From the records below, output exactly the lines running from the line containing "Jonathan and Oceana-1118_.jpg" through the line containing "Marine composition of", and no others.
- - - - -
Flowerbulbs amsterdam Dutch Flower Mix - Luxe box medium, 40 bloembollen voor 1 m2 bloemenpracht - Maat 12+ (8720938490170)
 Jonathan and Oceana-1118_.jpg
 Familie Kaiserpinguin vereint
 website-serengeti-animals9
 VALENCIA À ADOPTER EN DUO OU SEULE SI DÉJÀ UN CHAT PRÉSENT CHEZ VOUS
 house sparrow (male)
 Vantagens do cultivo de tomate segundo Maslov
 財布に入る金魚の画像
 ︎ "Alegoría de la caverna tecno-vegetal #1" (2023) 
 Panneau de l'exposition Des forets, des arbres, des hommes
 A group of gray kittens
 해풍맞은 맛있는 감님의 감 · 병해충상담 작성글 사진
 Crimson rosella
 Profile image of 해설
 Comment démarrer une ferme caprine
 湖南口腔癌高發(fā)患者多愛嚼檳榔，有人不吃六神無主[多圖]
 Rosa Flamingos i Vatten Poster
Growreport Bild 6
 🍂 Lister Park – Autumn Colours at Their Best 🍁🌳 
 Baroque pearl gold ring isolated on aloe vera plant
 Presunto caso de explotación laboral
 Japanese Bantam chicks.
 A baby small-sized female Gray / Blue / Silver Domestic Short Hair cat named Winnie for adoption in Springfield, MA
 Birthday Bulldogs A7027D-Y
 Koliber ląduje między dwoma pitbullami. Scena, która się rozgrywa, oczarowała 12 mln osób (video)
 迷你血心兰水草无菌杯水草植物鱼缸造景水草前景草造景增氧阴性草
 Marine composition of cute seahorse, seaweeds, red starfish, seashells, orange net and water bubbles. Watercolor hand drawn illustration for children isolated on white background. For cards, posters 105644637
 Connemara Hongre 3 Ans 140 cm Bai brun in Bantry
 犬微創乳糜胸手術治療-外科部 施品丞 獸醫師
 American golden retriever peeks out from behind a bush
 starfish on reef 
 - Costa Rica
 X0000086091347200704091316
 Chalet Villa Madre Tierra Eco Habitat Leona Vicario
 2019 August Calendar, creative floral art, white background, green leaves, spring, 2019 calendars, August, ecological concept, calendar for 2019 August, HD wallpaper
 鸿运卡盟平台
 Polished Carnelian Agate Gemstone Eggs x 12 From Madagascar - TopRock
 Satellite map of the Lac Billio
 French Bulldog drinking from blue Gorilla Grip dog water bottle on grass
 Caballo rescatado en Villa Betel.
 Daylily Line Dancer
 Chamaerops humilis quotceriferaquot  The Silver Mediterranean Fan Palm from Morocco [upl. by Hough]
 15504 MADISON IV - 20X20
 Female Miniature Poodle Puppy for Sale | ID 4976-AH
- - - - -
Response to the task:
 Jonathan and Oceana-1118_.jpg
 Familie Kaiserpinguin vereint
 website-serengeti-animals9
 VALENCIA À ADOPTER EN DUO OU SEULE SI DÉJÀ UN CHAT PRÉSENT CHEZ VOUS
 house sparrow (male)
 Vantagens do cultivo de tomate segundo Maslov
 財布に入る金魚の画像
 ︎ "Alegoría de la caverna tecno-vegetal #1" (2023) 
 Panneau de l'exposition Des forets, des arbres, des hommes
 A group of gray kittens
 해풍맞은 맛있는 감님의 감 · 병해충상담 작성글 사진
 Crimson rosella
 Profile image of 해설
 Comment démarrer une ferme caprine
 湖南口腔癌高發(fā)患者多愛嚼檳榔，有人不吃六神無主[多圖]
 Rosa Flamingos i Vatten Poster
Growreport Bild 6
 🍂 Lister Park – Autumn Colours at Their Best 🍁🌳 
 Baroque pearl gold ring isolated on aloe vera plant
 Presunto caso de explotación laboral
 Japanese Bantam chicks.
 A baby small-sized female Gray / Blue / Silver Domestic Short Hair cat named Winnie for adoption in Springfield, MA
 Birthday Bulldogs A7027D-Y
 Koliber ląduje między dwoma pitbullami. Scena, która się rozgrywa, oczarowała 12 mln osób (video)
 迷你血心兰水草无菌杯水草植物鱼缸造景水草前景草造景增氧阴性草
 Marine composition of cute seahorse, seaweeds, red starfish, seashells, orange net and water bubbles. Watercolor hand drawn illustration for children isolated on white background. For cards, posters 105644637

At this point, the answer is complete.